Liugaitė-Černiauskienė, M. (2022) “Folk Ballad beyond the Genre Definition”, Tautosakos darbai, 63, pp. 123–137. doi:10.51554/TD.22.63.06.

Abstract

The ballad has long existed in the periphery of the Lithuanian folkloristics. In this article, the folk ballad’s role and place in the Lithuanian folksong tradition is explored discussing two classical works of the Lithuanian folklore research characterized by their rather diverse theoretical assumptions. Both works were published in the end of the 1960s. The first one is the study on the Lithuanian folk ballads by Pranė Jokimaitienė (1968), and the second one is the monograph by Donatas Sauka discussing the uniqueness and value of folklore (1970). The author of the article suggests examining the folk ballad not only in terms of the genre, but also from the broader interdisciplinary perspective, thus combining both above-mentioned points of view by Jokimaitienė and Sauka. Such approach is strengthened by the research history of the ballad – a very complex and complicated phenomenon.
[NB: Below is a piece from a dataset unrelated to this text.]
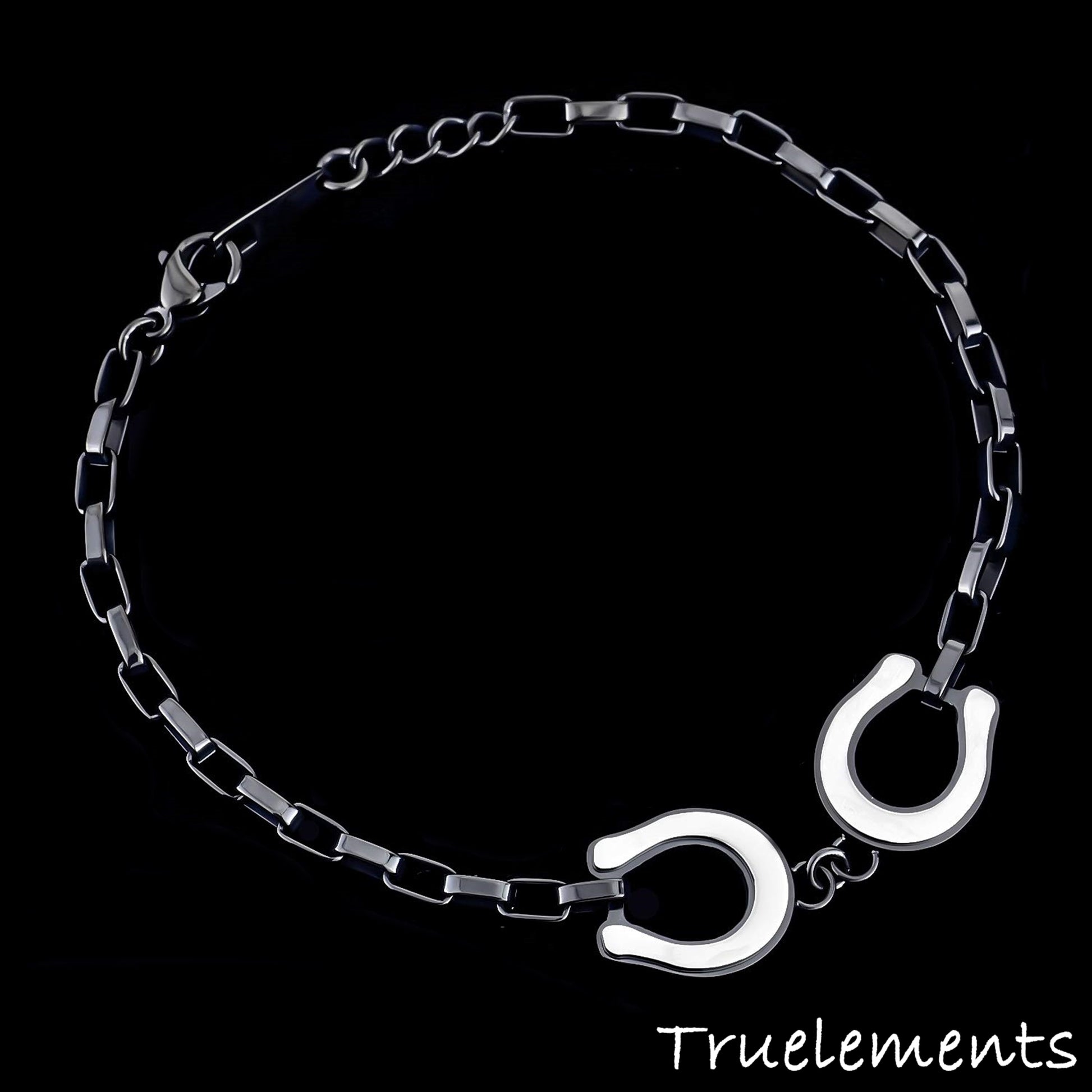 Truelements メンズ ブレスレット 馬蹄デザイン ブラック クローズアップ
Limiting the ballad analysis exclusively by the Lithuanian material on the one hand, and by the pure folklore on the other, hinders us from adequately placing the ballad in the Lithuanian folklore system. Therefore, the author suggests renouncing the narrow concept of the ballad as a text, at the same time regarding it beyond the definition of the genre and taking into account its social, cultural, historical and anthropological contexts. The article aims at discussing the peculiarities of the ballads’ existence in the Lithuanian environment in terms of development of the Lithuanian folkloristics. Notably, ballads have always found themselves at the outskirts of the idealizing template of the research in Lithuanian folksong.
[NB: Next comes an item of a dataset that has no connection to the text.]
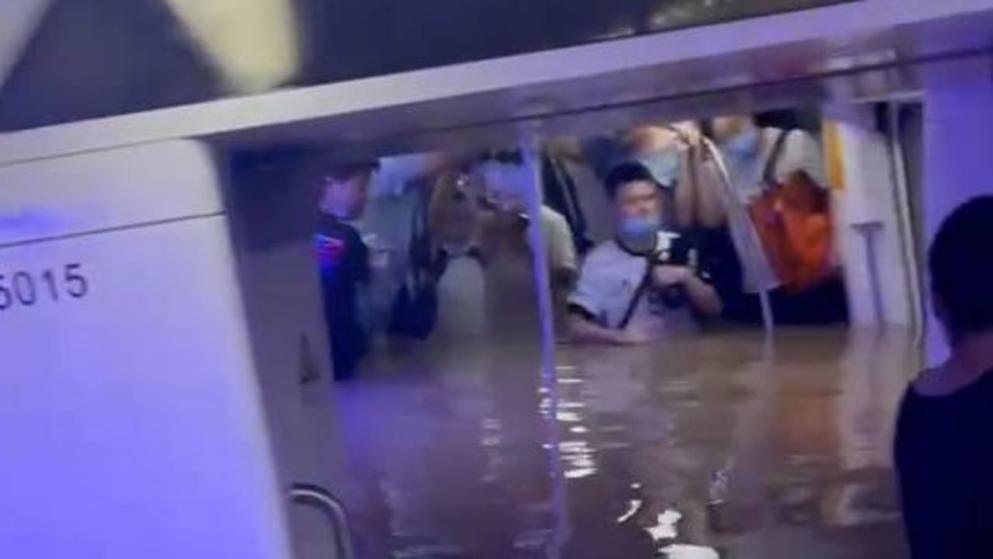 Отовсюду обо всем: 12 человек погибли в затопленном метро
Various nations have seen very diverse adaptations of the ballad plots, and this international diversity of folk ballads along with their dissemination across other genres opposes making clear decisions regarding their identity, even when the general definition is applied. Giving in to the temptation of submitting the generic definition, the folklorist adopts the views of a literary scholar: the definition might look essentially correct (the ballad is “a lyric-epic composition characterized by dramatic features” or “a narrative folksong with lyrical and dramatic character”, etc.), but will hardly be of use. Compositions with similar plots might be attributed to different genres in various national folklores, which works according to their own folklore systems. Besides, even variants of the same type might embrace a rather broad scope: from the stylistically pure ballads to the lyric transformations with ballad motives. This complicates the wish to combine all compositions and types into a single generic group. Here, one must bear in mind the already established tradition of folklore research. In Lithuania, development of folkloristics has shaped a general image of the folklore universe, which has in turn dictated how the whole folksong corpus is ordered and systematized.

Finally, the author draws the readers’ attention to the fact that ballads – the folksong layer of foreign origins and abounding in signs of “otherness” – have become unique compositions in Lithuania, not similar either to European samples nor to the authentic canonic Lithuanian folksongs. Having appropriated a topic or some wandering story line, Lithuanians frequently do their own transformations in terms of content and form. It is concluded that the Lithuanian ballads have sprung from interactions between the local folksong tradition and the balladic expression, thus acquiring an additional meaning and value.